In Ezekiel Ch. 37 the prophet Ezekiel is brought into a valley filled with bones. He is commanded by G-d to prophesize concerning the bones that they should have sinews, flesh and skin, and ultimately come alive. Ezekiel does as he is told and a host of people are resurrected.

Though there is an opinion in the Talmud that this passage is only allegorical, the majority opinion is that the bones were actually resurrected into bodies. In fact, in the Talmud (Sanhedrin, 92b) there is a discussion concerning what happened to the bodies after they were resurrected.

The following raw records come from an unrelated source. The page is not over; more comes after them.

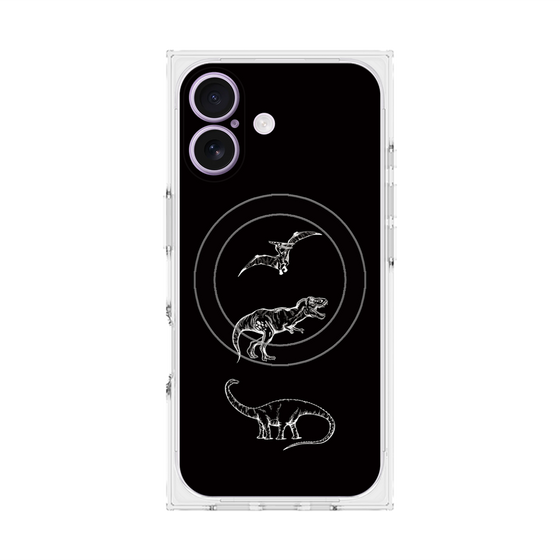 プレミアムスクエアケース with MagSafe［ Dinosaurs No.1 - Black ］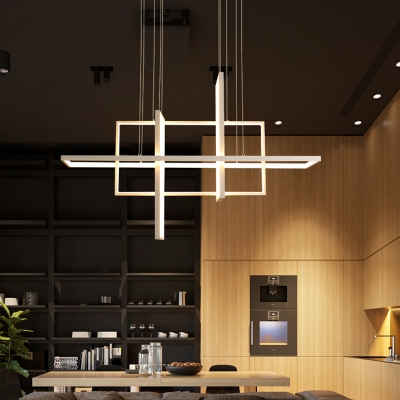 White Metal Frame Island Light Modern Kitchen Rectangle Crossed LED Island Fixture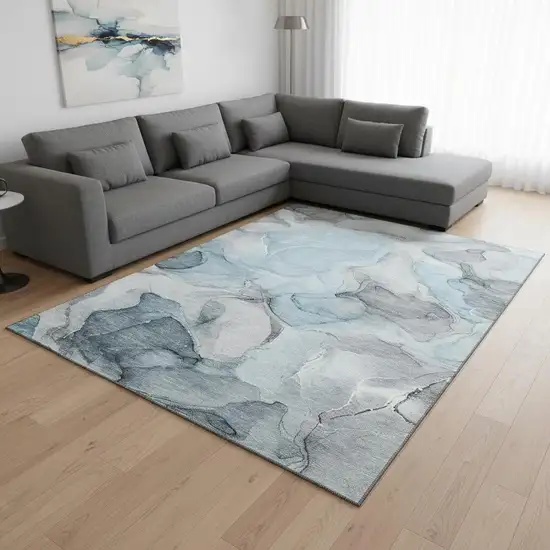 Teal And Gray Abstract Washable Area Rug With UV Protection Photo 3
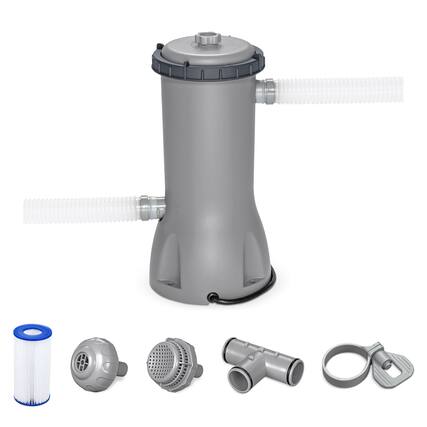 Front. Bestway - Bestway Flowclear 1,000 Gallons per Hour Above Ground Swimming Pool Filter Pump - Gray.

Rabbi Yose HaGalili says that they went to the Land of Israel, married, and had children. "Then Rabbi Yehuda ben Besaira stood up and said, 'I am descended from them and these are the tefilin which my grandfather bequeathed to me from them.'"

Skeptical? That's O.K. You're not alone. In fact, sprinkled throughout the Talmud are interactions between our Sages and Jews and gentiles who questioned the possibility of the future resurrection of the dead after the coming of Moshiach -- a fundamental belief of Judaism:

"An emperor said to Rabban Gamliel: 'You maintain that the dead will live again; but they turn to dust -- and can dust come to life?!'

"The emperor's daughter answered her father: 'If glassware, made by the breath of mere flesh and blood, can be reconstituted when shattered, then how much more so man, who was created by the breath of the Holy One, blessed be He.'

"A sectarian said to Geviha ben Pesisa: 'Woe to you, you wicked ones, who maintain that the dead will revive! The living indeed die, but shall the dead live?!'

"Geviha replied: 'Woe to you, you wicked ones, who maintain the dead will not revive. If those who never lived, now live, surely those who have lived, will live again!'"

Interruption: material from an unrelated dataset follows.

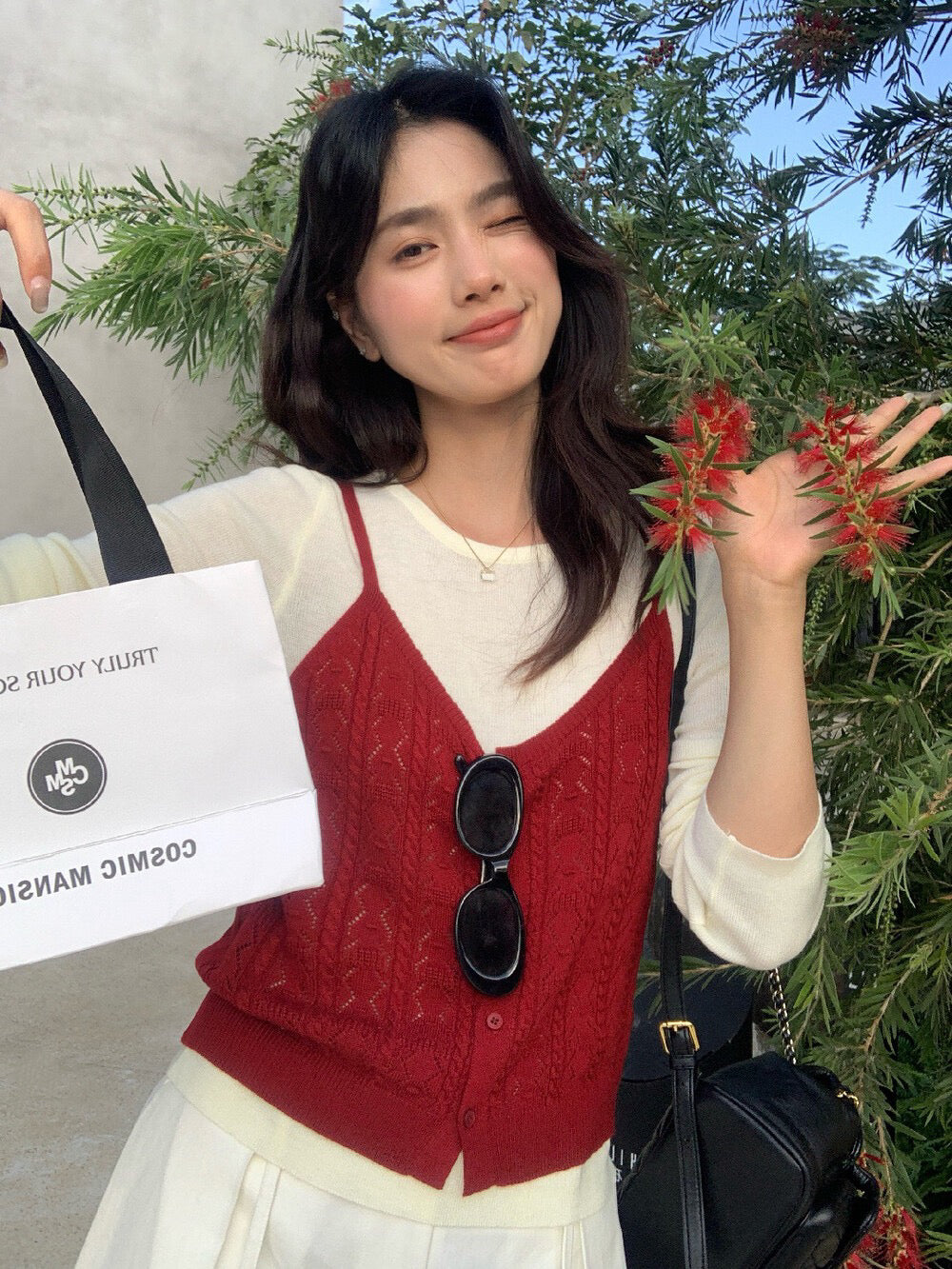 // 鈎針鏤空吊帶+薄打底針織兩件套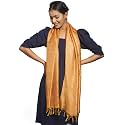 Tasselled Blue Black Scarf for Women | Large &amp; Lightweight PolySilk Stole for Women | Stylish Hair &amp; Neck Scarf, Wrap, &amp; Head Scarf for Women | Silk feel Stole for Girls - All Season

"Resh Lakish contrasted two verses: One verse promises, 'I will gather them in... among them will be the blind and the lame' Another verse, however, states: 'Then shall the lame man leap like a hart, and the tongue of the dumb shall sing....' How [do we resolve the apparent contradiction]? The reply is: They shall rise with their defects and then be healed."

The Midrash (Koheles Rabba) describes the following interaction:

"Hadrian once asked Rabbi Yehoshua ben Chananya, 'From what will G-d resurrect man in the future world?' Rabbi Yehoshua replied, 'From the luz bone in the spine.' Once G-d has softened this bone with the Dew of Resurrection, it will become as yeast is to the dough, and from it the body will be built. The same body that decomposed will be reconstructed.

At the time of the Resurrection of the Dead, the luz bone will be "soaked" in the tal hat'chiya -- the dew of resurrection -- and the body will grow from it. (Sadly, there is proof that not even fire can destroy the luz bone, for eyewitnesses saw these bones in the Nazi crematoriums even after the rest of the bodies of the holy martyrs had been consumed and turned to ash.)

Nevertheless, it is difficult for us to conceive that this might actually take place in the most literal sense.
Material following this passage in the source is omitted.